Она кипела от ярости.
– Если ничего лучшего не добиться, – спорила я, – я хочу облегчить себе, да и тебе, рабскую долю.
– Нет.
– Думаешь, мне нравится быть кабацкой рабыней? – горячилась я. – Думаешь, легко землянке подавать в таверне пагу? Я не такая, как ты. Я чувствительнее. Думаешь, приятно зависеть от каприза любого, кто может позволить себе купить чашу паги?
– Если раскроешь мою тайну Тандару из Ти, ты добьешься только того, что нас обеих высекут.
– И все же я рискну.
– Прости, – отчеканила Бина, – но ты этого не сделаешь.
– Уйди с дороги!
– Это дело рабынь. И я так решила.
– Может, ты и собираешься, как дурочка, прислуживать ему, не выдавая, кто ты, но я этого не позволю.
– Быстрей! Быстрей! – торопили девушки из-за двери.
– Нам надо спешить! – в отчаянии закричала я.
– Так ты расскажешь Тандару из Ти, кто я?
– Да, – не отступала я. – Расскажу.
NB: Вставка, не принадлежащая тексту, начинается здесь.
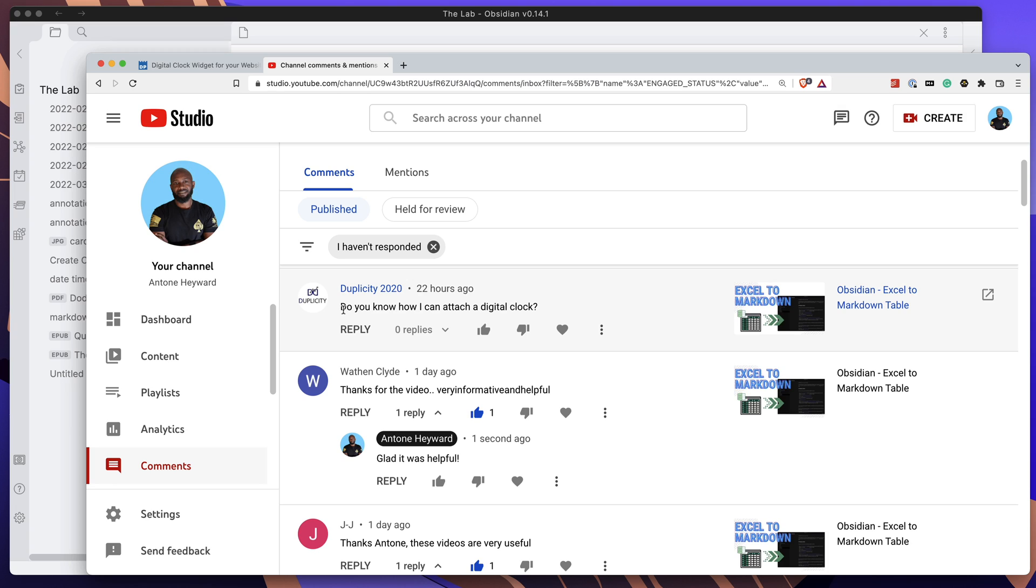And for everyone else that may want to do this, you can also see how this can be done within Obsidian. Before I get into the video and show you how to do this, don't forget to like and subscribe to the channel. It helps me get this content out to other people who are looking for stuff just like this.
На что угодно пойду, лишь бы облегчить себе существование. А теперь пусти меня.
Она не тронулась с места, только ела меня глазами.
– Я сильнее тебя, – предупредила я. – Уйди с дороги.
Неужели забыла, как легко я отобрала у нее конфету? Не ей со мной тягаться.
И тут она кинулась на меня. Вцепилась ногтями, царапала, раздирала кожу. Я закричала, едва успевая уворачиваться. Схватив за волосы, Бина швырнула меня на туалетный столик у зеркала. Я заскользила по столу. На пол посыпались гребешки, флаконы с духами. Навалившись мне на спину, торопливо стянула с меня сеть, опутала ею ноги. Я так и не успела снять кожаные наручники – закинув мне руки за спину, она мгновенно сцепила их карабинчиком. Я извивалась что было сил, упала со стола на пол. Руки сцеплены за спиной! «Я буду кричать!» Бина затолкала мне в рот шарф, перевязала другим, пропихнув его между зубами, завязала узлом сзади на шее. Сетью связала мне щиколотки. Нашла еще одну сеть, не раскроенную, спеленала меня ею и крепко связала. За веревку оттащила в сторону. Посадила, привалив спиной к стене, привязала к вмурованному в стену над полом кольцу.
Сколько я ни билась, освободиться так и не смогла. Лишь в бешенстве смотрела на нее.
– Вот ты и жертва охотницы, – сказала Бина.
– Бина! Тила! – послышалось из зала.
– Иду! – отозвалась Бина. – Тила заболела! – И, послав мне воздушный поцелуй, выбежала из комнаты.
А я, беспомощно корчась, пыталась освободиться от пут.
Бина вернулась вскоре после полуночи.